Discussions on the history and historiography of Australia's New England

Thursday, February 07, 2008

Anaiwan - University of New England welcome to country

Note to readers: This is one of a series of post simply recording other web entries on the Anaiwan people. This particular post is the 'Welcome to Country' given by Steve Widders, a descendant of the Anaiwan, at the NAIDOC Aboriginal Flag Raising Ceremony at Booloominbah, University of New England, 9 July 2007

Yugga danya Ngawanya -I am a Man of the Anaiwan people.

Roonyahra tanya tampida Ngawanya - This is the ancestral land of the Ngawanya.

Ootila tanya yoonyarah -I welcome you to this land.

The traditional custodians

At the University of New England graduation ceremonies, the Vice-Chancellor acknowledges firstly the Anaiwan then the names of neighbouring tribes; the Dhunghutti to the south-east, the Gumbaingerri to the north-east, and the Kamilaroi to the west.

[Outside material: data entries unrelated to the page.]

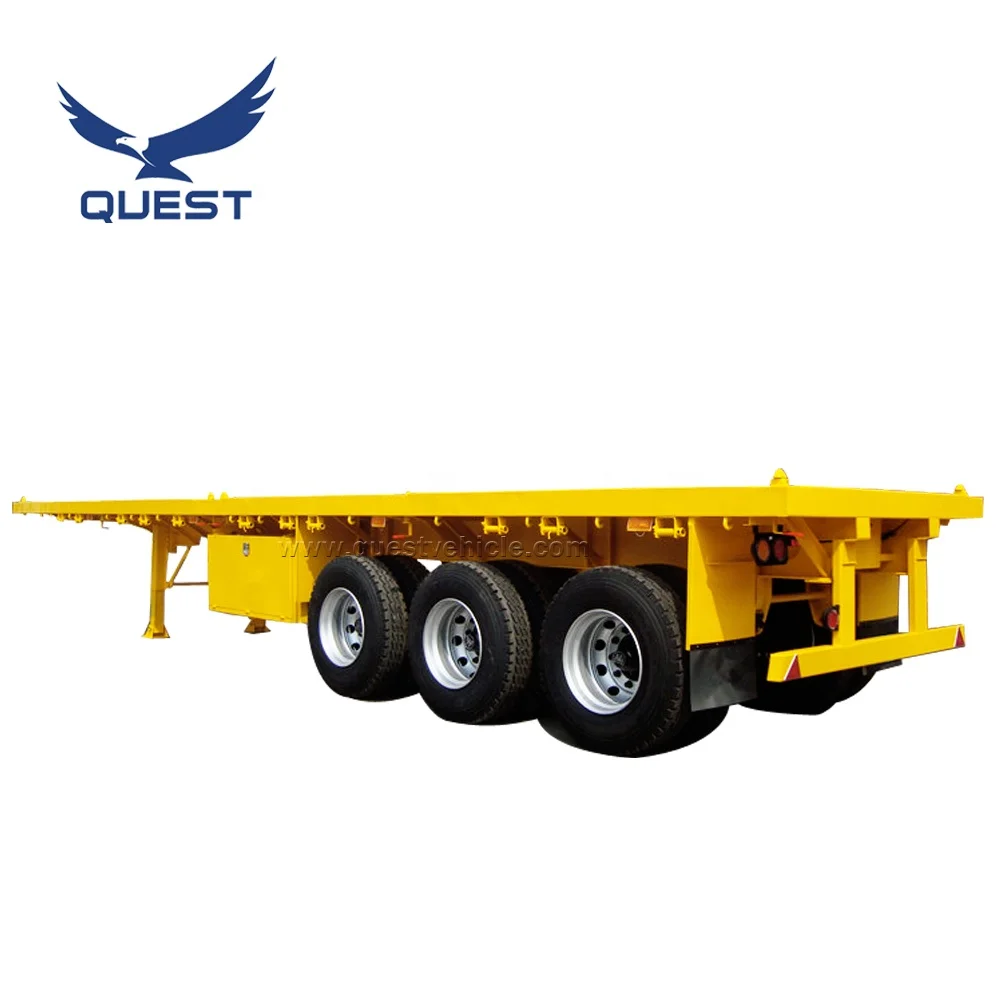 QUEST Tri-Axles 20ft 40feet 50Ton flat bed chassis Flatbed 40 Ft Container Semi Trailer For Sale
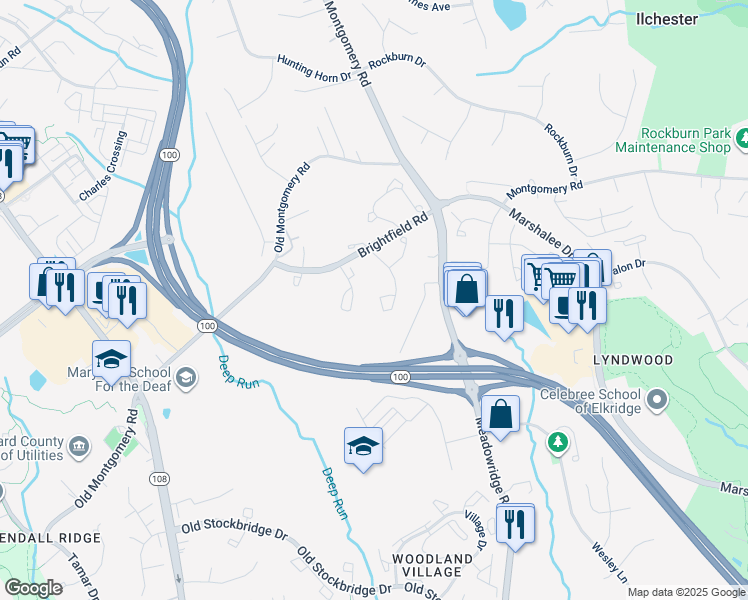 map of restaurants, bars, coffee shops, grocery stores, and more near 7974 Brightmeadow Court in Ellicott City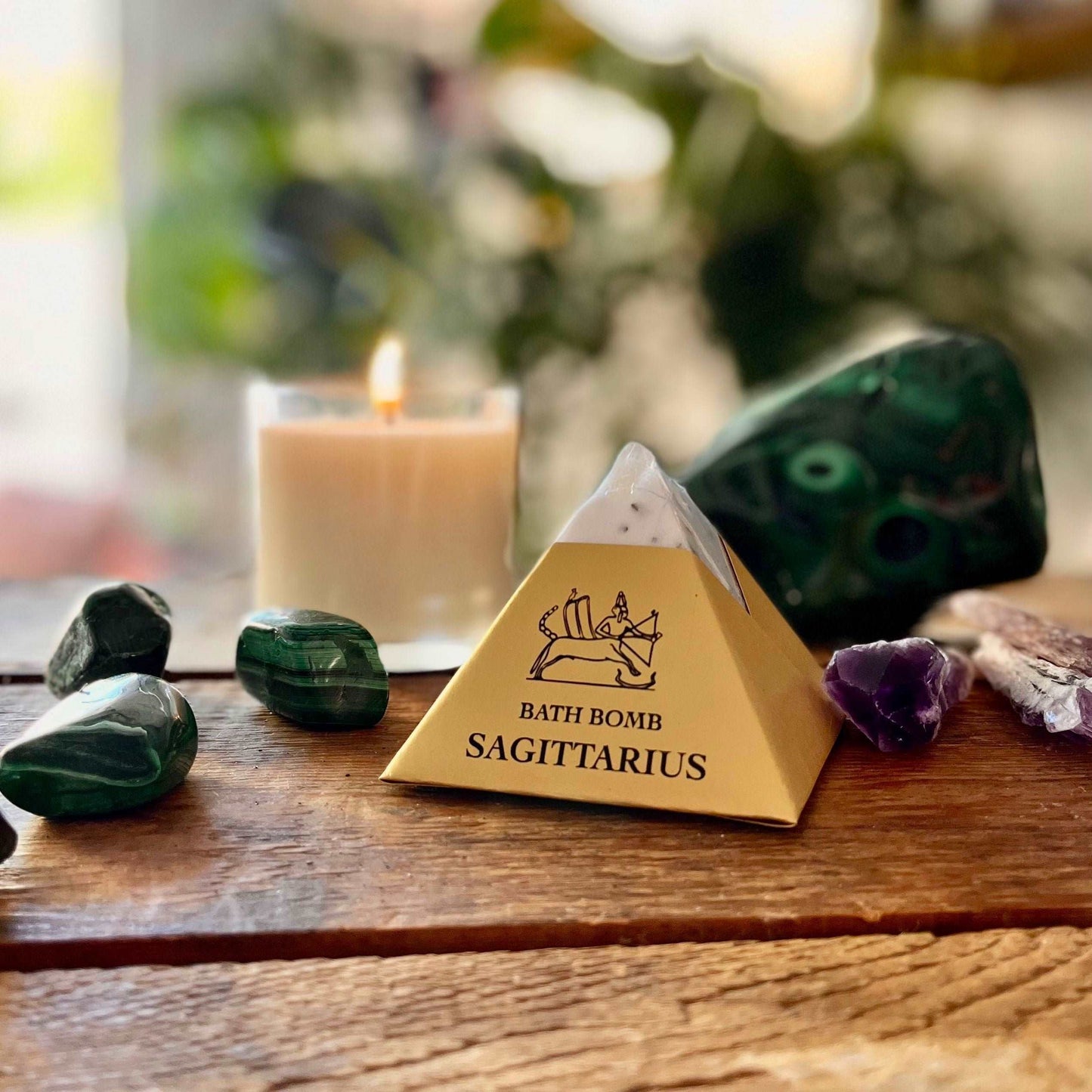 Embark on a journey of self-discovery with our Sagittarius Bath Bomb. Immerse yourself in the adventurous blend of Lavender, Copal, and Sandalwood, carefully crafted with organic essential oils. Let the soothing scents transport you to expansive realms, creating a harmonious balance of relaxation and exploration. Embrace the spirit of Sagittarius and experience a bath ritual that inspires both inner and outer exploration.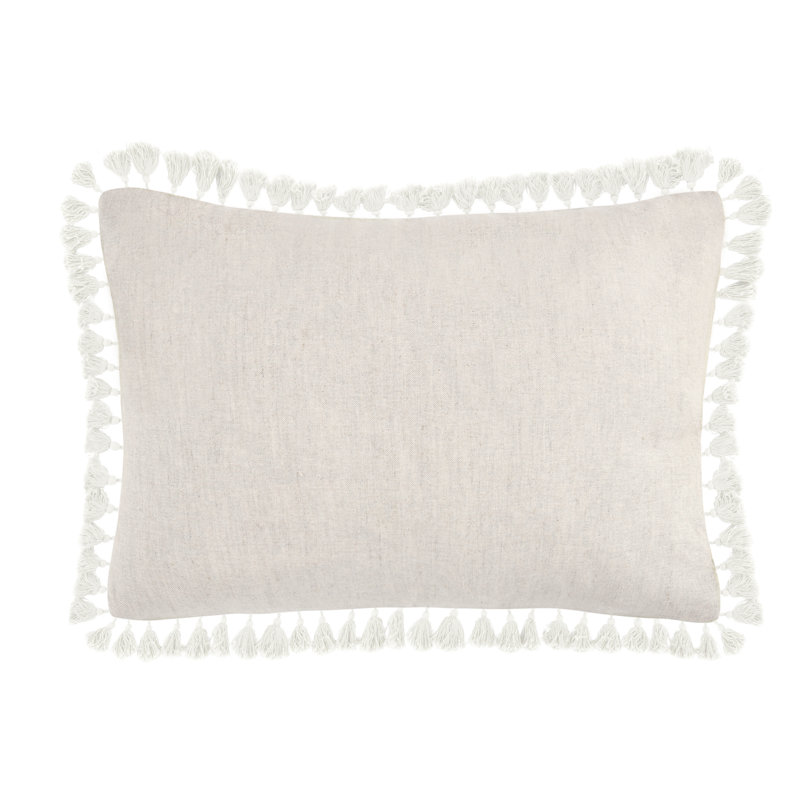 Lily 20" Cotton Linen Blend Throw Pillow, Pink, 14" x 20", Rectangular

Many local Aboriginal residents have claim to at least one but as many as all these groups. There is much evidence and research that documents the Anaiwan as the original inhabitants and acknowledges the other groups as being associated with and having extensive interaction with the land on which Armidale was settled.

Tribal boundaries change with the physical landscape, hence Anaiwan is on the Tablelands, and Dhunghutti is on the eastern side of the Pt Lookout escarpment down to the coast at Kempsey north of the Macleay River. Gumbaingerri is a coastal tribe whose lands come inland south of Grafton and east around Guyra and Ebor. The Kamilaroi are a plains group west of the Gwydir River and the Great Divide.

Tamworth is in Kamilaroi country which ends at the top of the Moonbis, and where Anaiwan begins. Uralla, Bundarra and places such as Hillgrove, Wollomombi, Rockvale, Tilbuster, Black Mountain, Dumaresq, Tingha, Inverell and all places within that boundary are Anaiwan country.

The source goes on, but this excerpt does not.